Veneration for excellence can be displayed in various ways. Mukunda Rama Rao’s 2016 book ‘aDe gaali- prapancha dEsaala kavitwam’ World Country’s Poetry – Back ground - is a bulky book of about 550 pages. More than two thousand 2000 poets from 100 countries world over have been referred to and about 500 poets have been translated. This work stands top most for the admiration of poetry lovers reading the Telugu work. What is more, his recent work contains selections from the works down the ages.

No researchers working or studying for a doctoral degree has ever attempted a work of this magnitude with finesse. The writer is a septuagenarian who got acclaim in working for the Indian Railways and is basically a computer expert. His adoration for poetry is deep and great. Love of poetry could be a mystique and a cult as seen this enthusiast’s work. In his brief intro like thing in the volume he averred to this effect: Ascending the mountain of world poetry with a desire to look around and below, an uncontrollable passion, I could get satisfaction in sending joy to the readers. Any amount of happiness or satisfaction that the readers get gives me contentment.’

The book contains articles of twenty countries or groups of countries: Chinese, Japanese, Vietnamese, Russia, New Zealand, West and South Africa, Poland, Europe Eastern and Western, Caribbean and Latin American.
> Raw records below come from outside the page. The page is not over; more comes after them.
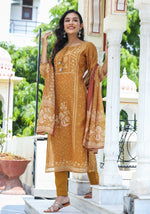 Chanderi Yellow Printed Suit Set with Dupatta
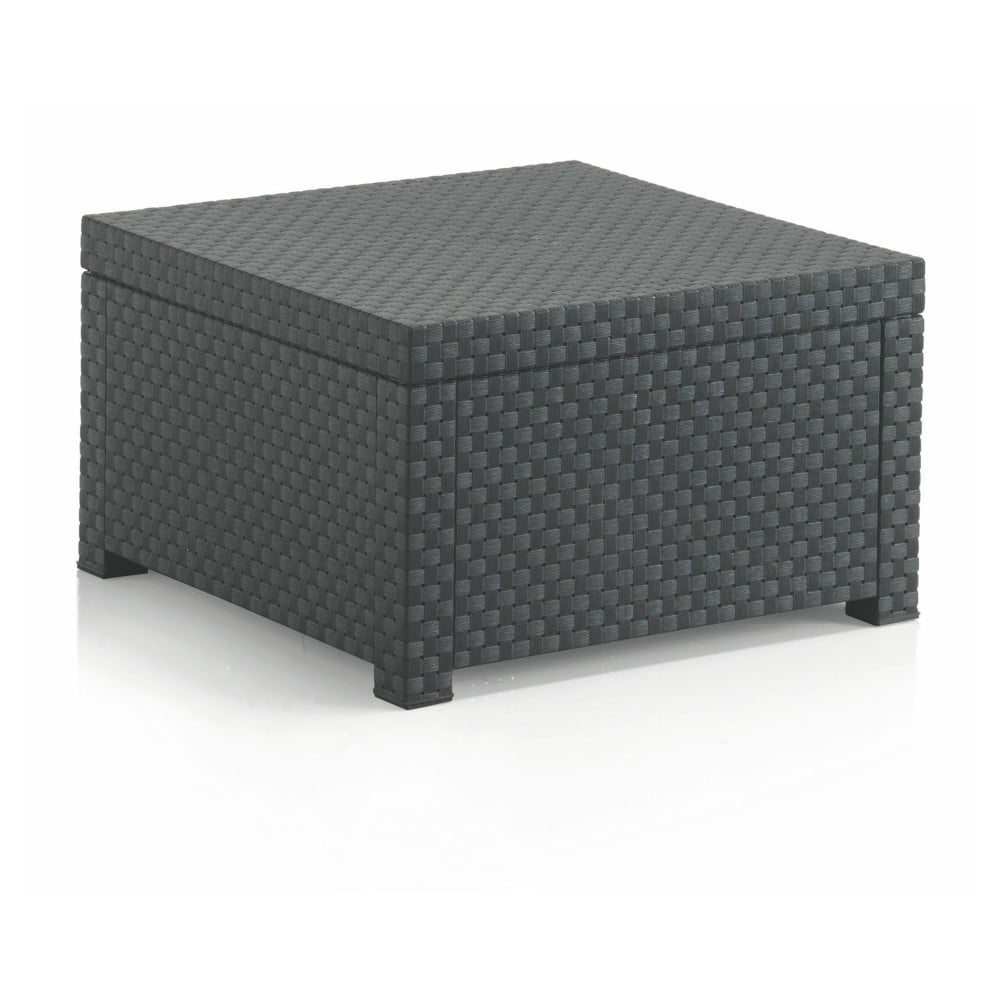 Tavolino da esterno grigio in rattan 56x56 cm - Juinsa | Tavolini da giardino
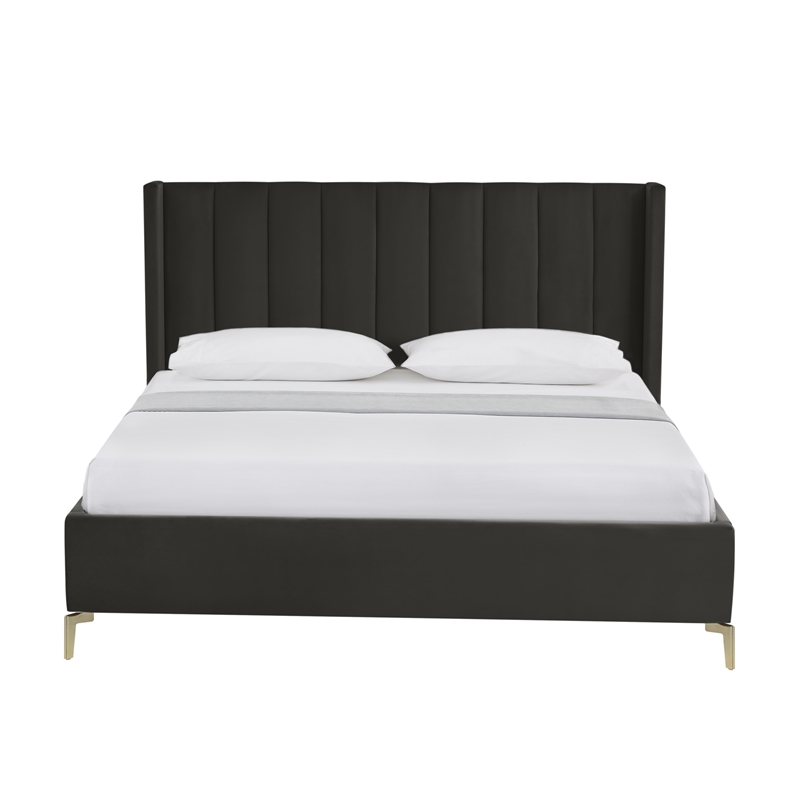 Posh Living Kam Upholstered Velvet & Wood King Platform Bed in Black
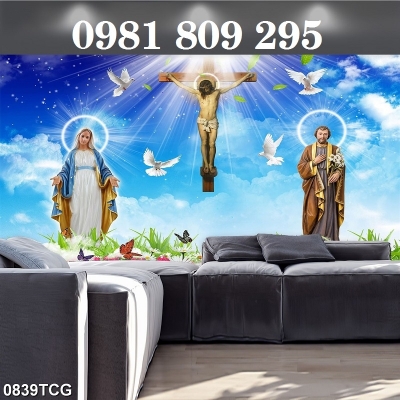 Gạch tranh công giáo - tranh gạch 3d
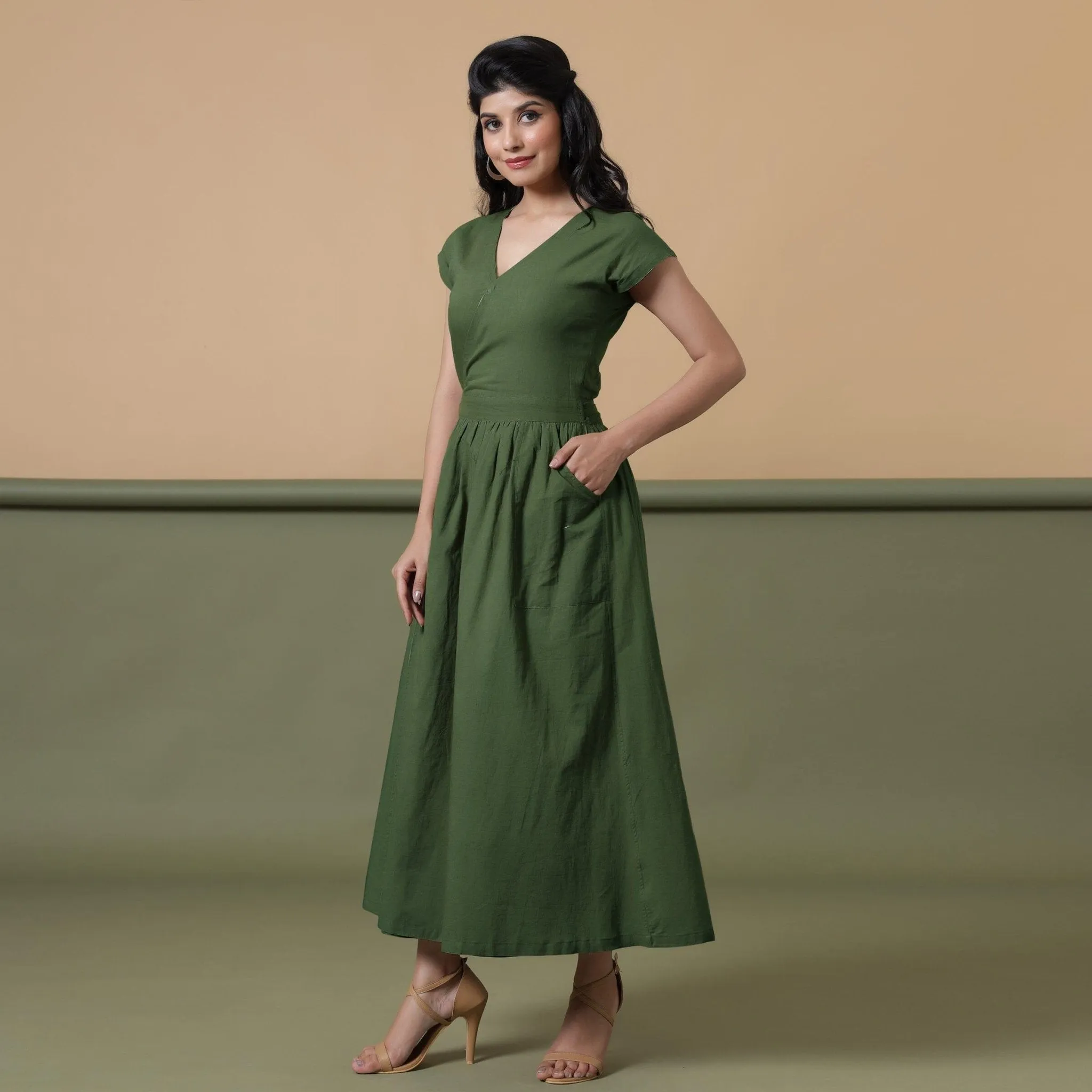 Forest Green Cotton V-Neck Maxi Wrap Dress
Here fifteen poems in Mukund’s poems are given for the readers as a sample. It is not my intention to comment on Mukund’s technique or assess the merits or otherwise on his rendering ability. These are produced here to give the readers of the Telugu book just a taste of the originals which are not available in the book.

China

Three years I was your wife,
I never tired of household chores.
Early I rose and late I went to bed;
Not a morning was I without work.
First you found fault with me,
Then treated me with violence.
My brothers, not knowing this,
Jeered and laughed at me.
Quietly I brood over it
And myself I pity.

(Wu-Chi Li, Translated by – Liu and Lo, 1975 from the Book of Poetry) – Page – 16

Man Lives Until He Dies

How often do I ponder
Over what I live for?
Innocent of life as it were.
Though the stream
Empties into the ocean
I will not bend
Under the weight of
Workday cares.
Man lives and dies.
Yet I pause to think.
Like ant
Lost in building its shelter
In the warm spring sun,
I will live
Drunk with delight of living.
If man is born to live,
What should I worry?
Man lives till he dies.

(Kim Sowol’s Poem) – Page 54

Farmer

Some folks transplant rice for wages,
but I have other reasons.
I watch the sky, the earth, the clouds,
observe the rain, the nights, the days,
keep track, stand guard till my legs
are stone, till the stone melts,
till the sky is clear: and the sea calm.
Then I feel at peace.
(Page no 66)

This is from the folk poetry of Vietnam sung by people. Down the centuries

The Begining of the Road

He read each day like a book
and saw the world as a lantern
in the night of his fury
He saw the horizon come to him
as a friend
He read directions
in the faces of poetry and fire

(Poem by Adonis) – Page 96

The clock on the wall

My city collapsed
The clock was still on the wall
Our neighbourhood collapsed
The clock was still on the wall
The street collapsed
The clock was still on the wall
The square collapsed
The clock was still on the wall
My house collapsed
The clock was still on the wall
The wall collapsed
The clock
Ticked on

(Samih al-qasim (1939-) Poem – Jordan) – Page 100

I Am There

I come from there and remember,
I was born like everyone is born, I have a mother
and a house with many windows,
I have brothers, friends and a prison.
I have a wave that sea-gulls snatched away.
I have a view of my own and an extra blade of grass.
I have a moon past the peak of words.
I have the godsent food of birds and an olive tree beyond the kent of time.
I have traversed the land before swords turned bodies into banquets.
I come from there, I return the sky to its mother when for its mother the sky cries, and I weep for a returning cloud to know me.
I have learned the words of blood-stained courts in order to break the rules.
I have learned and dismantled all the words to construct a single one: Home

(Mahmoud Darwish's Poem) – Page - 104

Jami’ Poem

Who is man?
The reflection of the Eternal Light.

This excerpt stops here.